- Bald Mountain Location within New York Adirondack Park Bald Mountain Location within the United States

Highest point
- Elevation: 1,647 feet (502 m)
- Coordinates: 44°01′17″N 75°11′27″W﻿ / ﻿44.0214548°N 75.1907461°W

Geography
- Location: N of Oswegatchie Camp, Lewis County, New York, U.S.
- Topo map: USGS Oswegatchie SW

= Bald Mountain (Lewis County, New York) =

Mountain in Lewis County, New York, United States

Bald Mountain is a 1647 ft mountain in Lewis County in the state of New York. It is located north of Oswegatchie Camp in the town of Croghan. In 1919, a 47 ft steel fire lookout tower was built on the mountain.
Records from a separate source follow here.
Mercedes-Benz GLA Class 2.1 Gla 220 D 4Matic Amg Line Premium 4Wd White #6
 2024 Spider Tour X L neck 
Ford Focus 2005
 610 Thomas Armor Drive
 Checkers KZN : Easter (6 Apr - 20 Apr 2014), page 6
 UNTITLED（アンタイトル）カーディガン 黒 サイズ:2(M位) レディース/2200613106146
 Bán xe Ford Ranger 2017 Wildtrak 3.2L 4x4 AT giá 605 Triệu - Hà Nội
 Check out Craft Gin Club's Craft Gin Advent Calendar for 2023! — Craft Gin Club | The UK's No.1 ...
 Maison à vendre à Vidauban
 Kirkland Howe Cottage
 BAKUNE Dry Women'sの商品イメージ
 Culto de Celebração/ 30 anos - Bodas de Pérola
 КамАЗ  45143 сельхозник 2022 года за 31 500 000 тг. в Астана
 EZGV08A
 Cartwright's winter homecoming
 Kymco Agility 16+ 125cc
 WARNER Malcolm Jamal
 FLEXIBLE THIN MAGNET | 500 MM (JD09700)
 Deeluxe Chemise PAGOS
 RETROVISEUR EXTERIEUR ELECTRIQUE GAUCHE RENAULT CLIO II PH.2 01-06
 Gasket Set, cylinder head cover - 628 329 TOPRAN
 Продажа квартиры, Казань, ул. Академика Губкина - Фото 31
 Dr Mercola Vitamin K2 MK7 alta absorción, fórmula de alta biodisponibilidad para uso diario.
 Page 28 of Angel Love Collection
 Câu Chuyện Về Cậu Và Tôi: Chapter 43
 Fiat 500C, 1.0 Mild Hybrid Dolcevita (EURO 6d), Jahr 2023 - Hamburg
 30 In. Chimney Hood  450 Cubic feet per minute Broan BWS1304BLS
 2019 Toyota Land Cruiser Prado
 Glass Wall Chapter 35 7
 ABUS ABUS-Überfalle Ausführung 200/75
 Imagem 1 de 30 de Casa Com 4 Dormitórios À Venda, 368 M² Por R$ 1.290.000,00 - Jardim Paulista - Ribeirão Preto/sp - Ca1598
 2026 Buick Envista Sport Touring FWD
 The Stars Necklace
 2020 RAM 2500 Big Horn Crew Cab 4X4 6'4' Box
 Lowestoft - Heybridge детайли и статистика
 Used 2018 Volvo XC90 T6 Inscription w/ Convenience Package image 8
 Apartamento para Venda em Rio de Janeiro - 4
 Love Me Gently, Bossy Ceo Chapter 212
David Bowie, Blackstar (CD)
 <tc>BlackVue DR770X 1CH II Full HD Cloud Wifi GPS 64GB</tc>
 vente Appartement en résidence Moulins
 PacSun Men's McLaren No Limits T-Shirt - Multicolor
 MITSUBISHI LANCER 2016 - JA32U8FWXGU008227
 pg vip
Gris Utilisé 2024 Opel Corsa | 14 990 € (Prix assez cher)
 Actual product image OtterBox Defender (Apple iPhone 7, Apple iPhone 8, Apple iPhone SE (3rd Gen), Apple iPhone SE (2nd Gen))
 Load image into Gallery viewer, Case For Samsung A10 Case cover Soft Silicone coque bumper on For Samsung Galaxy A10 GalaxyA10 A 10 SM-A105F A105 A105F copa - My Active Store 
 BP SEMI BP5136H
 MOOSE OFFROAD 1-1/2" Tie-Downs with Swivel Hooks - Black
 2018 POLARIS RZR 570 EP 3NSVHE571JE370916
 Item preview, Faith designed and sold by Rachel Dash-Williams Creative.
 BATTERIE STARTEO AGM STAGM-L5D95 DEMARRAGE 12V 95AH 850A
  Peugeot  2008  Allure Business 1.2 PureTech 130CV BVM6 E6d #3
Due to increased use of aerial detection, the tower was closed at the end of the 1970 season. The tower was later knocked over by the private owner due to liability concerns. The public can visit the site, but due to no tower there is no view.

==History==
In May 1911, the Conservation Commission built a wood fire lookout tower on the mountain. In 1919, the Conservation Commission replaced it with a 47 ft Aermotor LS40 steel tower. Due to the increased use of aerial fire detection which was better, the tower was closed at the end of the 1970 season. Ownership of the tower was later transferred to the owner Diamond International. The company had the leg bolts removed and the tower pulled over and left at the site, due to liability concerns. In 1989, a new owner of the 18,000-acre tract entered into an agreement with the New York State Department of Environmental Conservation, where the State purchased the development and recreation rights but left the land itself and the timber in private ownership. The public can visit the site, but due to no tower there is no view.